> DATA
* * * * * * *

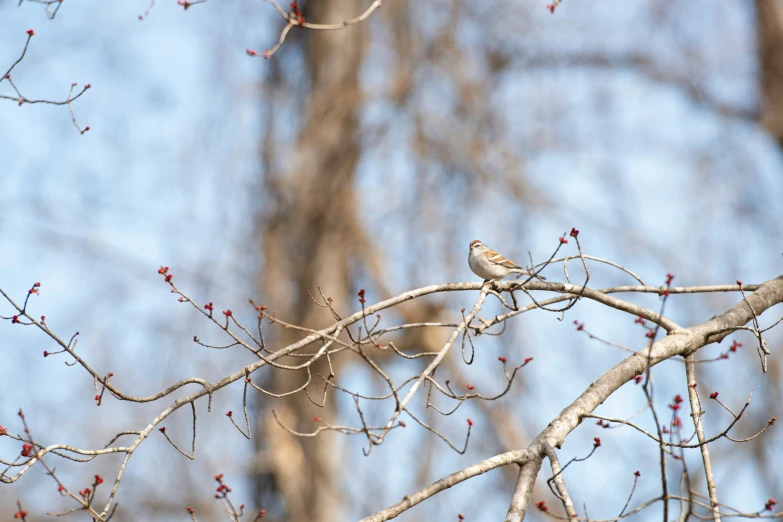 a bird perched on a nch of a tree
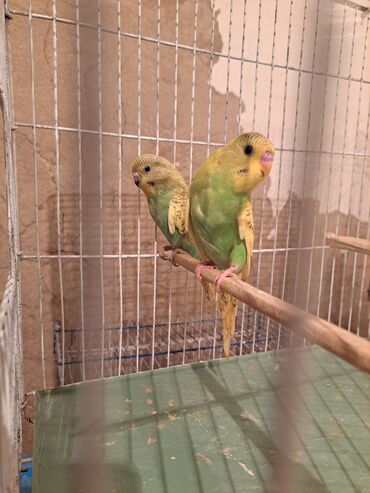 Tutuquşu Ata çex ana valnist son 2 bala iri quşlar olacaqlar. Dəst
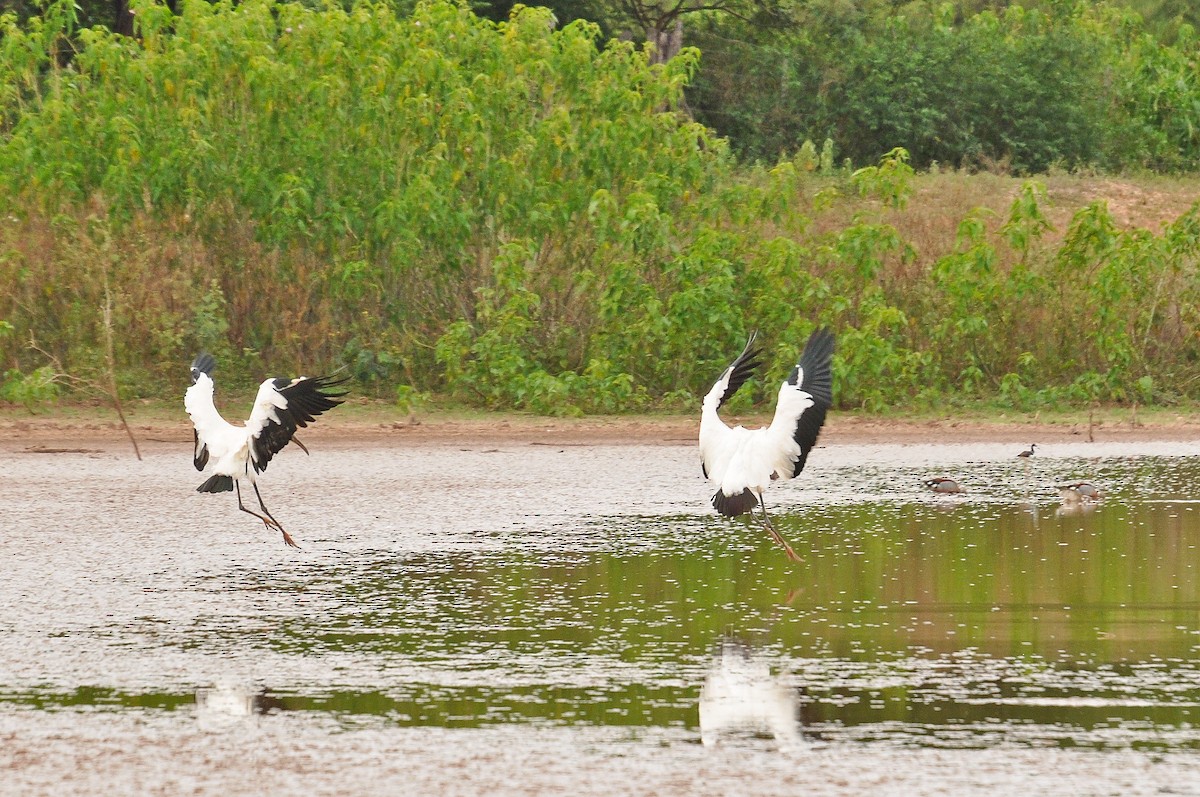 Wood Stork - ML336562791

* * * * * * *

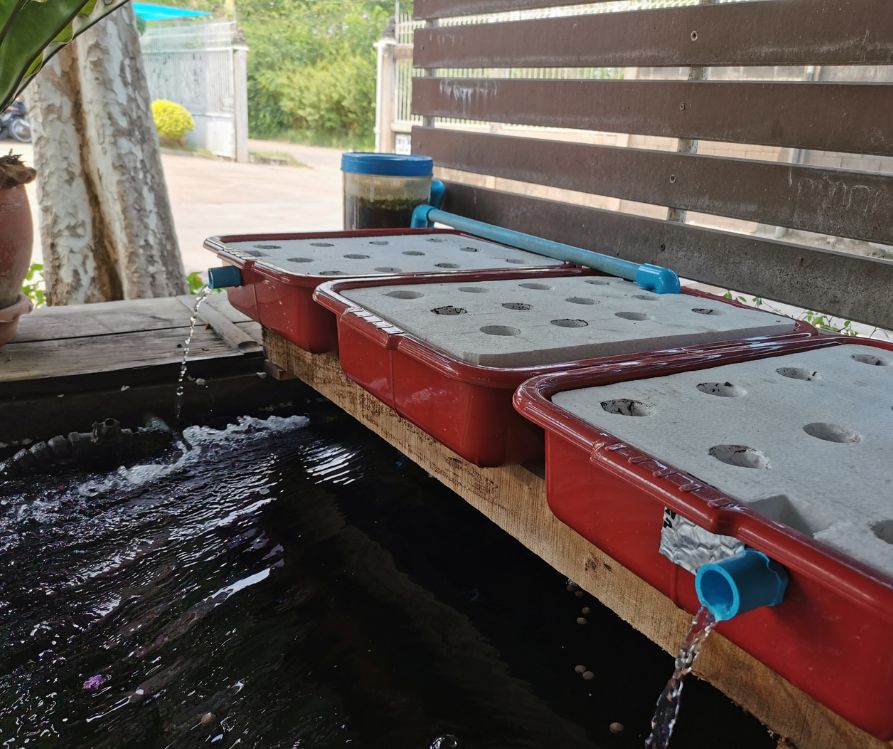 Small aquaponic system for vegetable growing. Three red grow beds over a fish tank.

* * * * * * *

Exact copy, pictures excluded: every line above from the one containing "a bird perched on a nch of a tree" to the one containing "Wood Stork - ML336562791", inclusive, and nothing more.

> EXERCISE OUTPUT
 a bird perched on a nch of a tree
 Tutuquşu Ata çex ana valnist son 2 bala iri quşlar olacaqlar. Dəst
 Wood Stork - ML336562791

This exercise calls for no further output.